The U.S. Navy downed a flying object in the Hormuz Strait Thursday, an object that today Iranian officials insist was not in fact Iranian, despite President Donald Trump’s allegations at an afternoon ceremony in the East Room of the White House.
Here’s the U.S. president bringing the episode to everyone’s attention: “I want to apprise everyone of an incident in the Strait of Hormuz today involving USS Boxer, a Navy amphibious assault ship. The Boxer took defensive action against an Iranian drone, which had closed into a very, very near distance, approximately 1,000 yards, ignoring multiple calls to stand down and was threatening the safety of the ship and the ship’s crew. The drone was immediately destroyed. This is the latest of many provocative and hostile actions by Iran against vessels operating in international waters. The United States reserves the right to defend our personnel, our facilities, and interests, and calls upon all nations to condemn Iran’s attempts to disrupt freedom of navigation and global commerce. I also call on other nations to protect their ships as they go through the Strait, and to work with us in the future. Thank you very much. I thought you should you know that.” Find video of his remarks, via NBC News, here.

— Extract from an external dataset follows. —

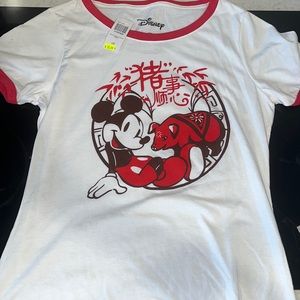 Disney Mickey Year Of The Pig Ringer T Shirt size Large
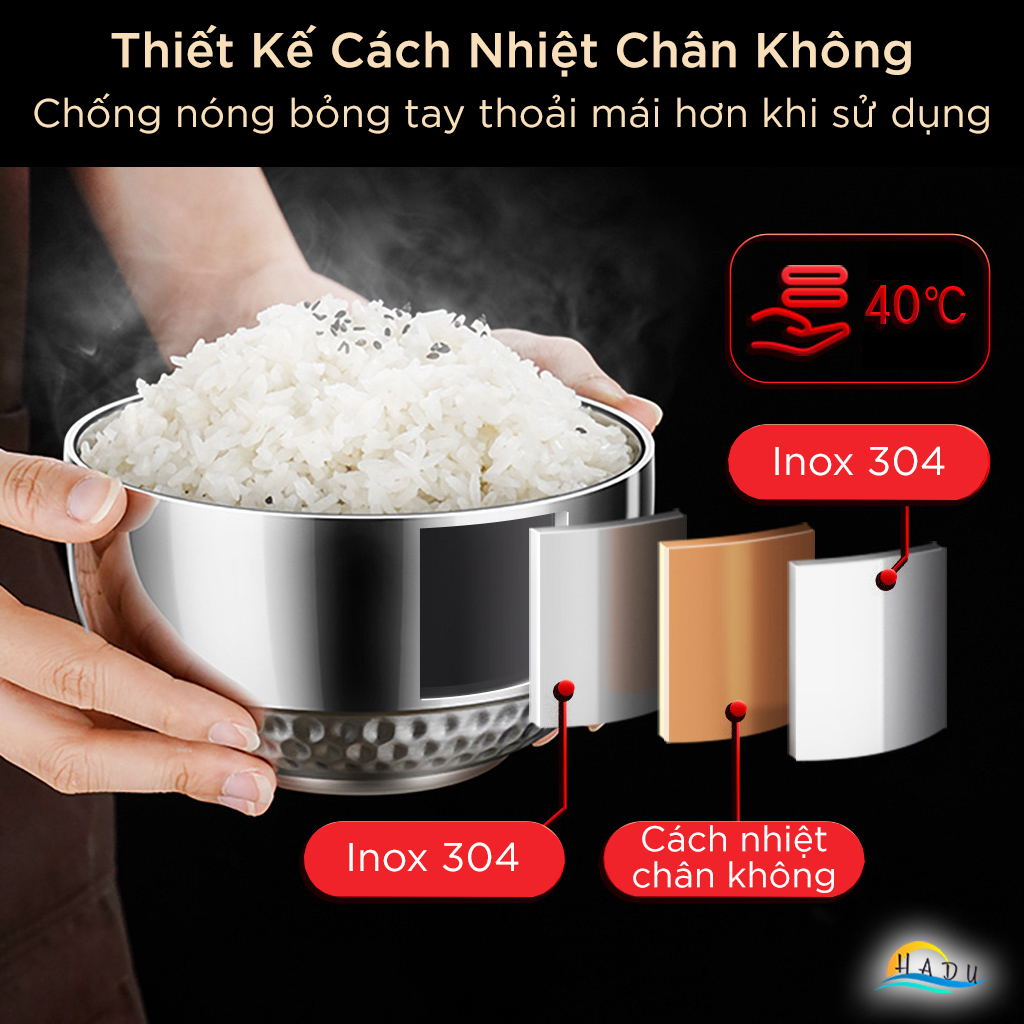 Bát Tô Inox 304 Cao Cấp – Chống Va Đập, Cách Nhiệt, Sáng Bóng Sang Trọng, Đạt Tiêu Chuẩn LFGB Đức SSGP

About 30 minutes later, the Pentagon released its own short statement about what happened: “At approximately 10 a.m. local time, the amphibious ship USS Boxer was in international waters conducting a planned inbound transit of the Strait of Hormuz. A fixed-wing unmanned aerial system (UAS) approached Boxer and closed within a threatening range. The ship took defensive action against the UAS to ensure the safety of the ship and its crew.”

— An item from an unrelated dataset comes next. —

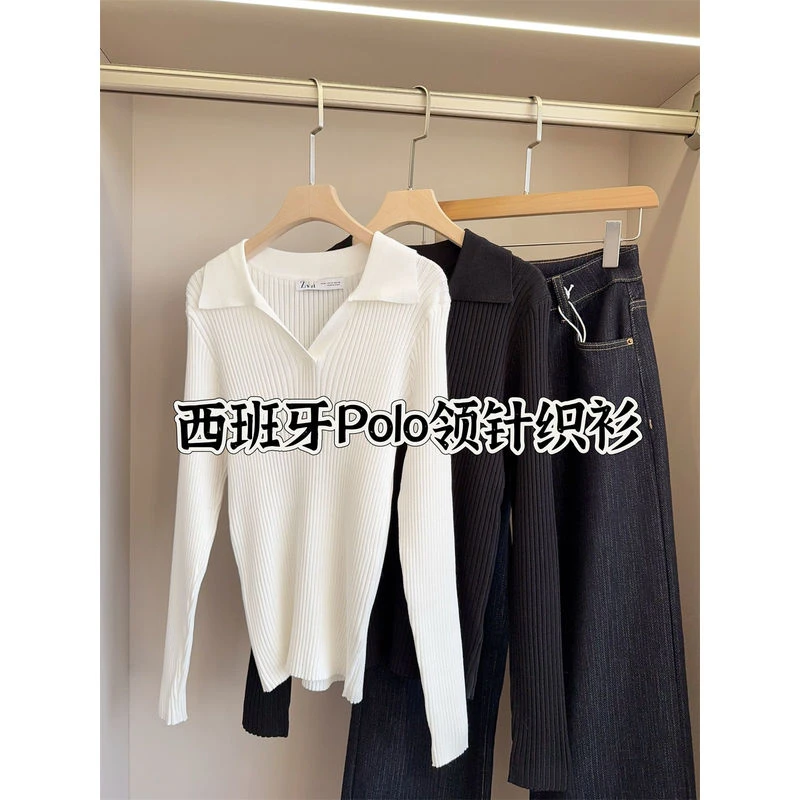 24年秋冬新款女装V领翻领弹力修身显瘦长袖针织衫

For what it’s worth, that Pentagon statement made no mention of Iran, even though a Pentagon spokeswoman, Cmdr. Rebecca Rebarich, told CNN’s Starr, “We assess the UAS to be Iranian.” The Wall Street Journal’s Rory Jones was actually aboard the USS Boxer when all this went down, and his reporting, too, alleges the drone that was downed belonged to Iran. (Given the region and the recent history of tensions, the list of plausible candidates to whom the drone might belong includes Iran and really no one else. Move west toward the Bab el-Mandeb Strait, and you could add the Houthis and maybe al-Qaeda and ISIS.)
“Electronic jamming” brought down the drone after it “came within 1,000 yards of the Navy ship,” CNN’s Barbara Starr reported. The system in question appears to be the Marine Corps, Light Marine Air Defense Integrated System, or LMADIS, an experimental vehicle-mounted air defense system that’s making its first Gulf deployment, Military.com posits. Read more about LMADIS in this September article from Marine Corps Times.
About those “calls to stand down”: Defense One’s Patrick Tucker, who writes about technology and drones, wondered how one tells a drone to "stand down." Tucker has posed the question to U.S. Central Command officials, who have yet to respond.
There was a lot of other activity involving U.S. and Iranian elements in the Hormuz Strait that day, as Jones reports. Six U.S. Navy ships were in the area, as was “An unarmed Iranian navy Bell 212 helicopter [that] flew alongside the Boxer, yards away from the deck, before it was chased away by a U.S. helicopter,” he writes.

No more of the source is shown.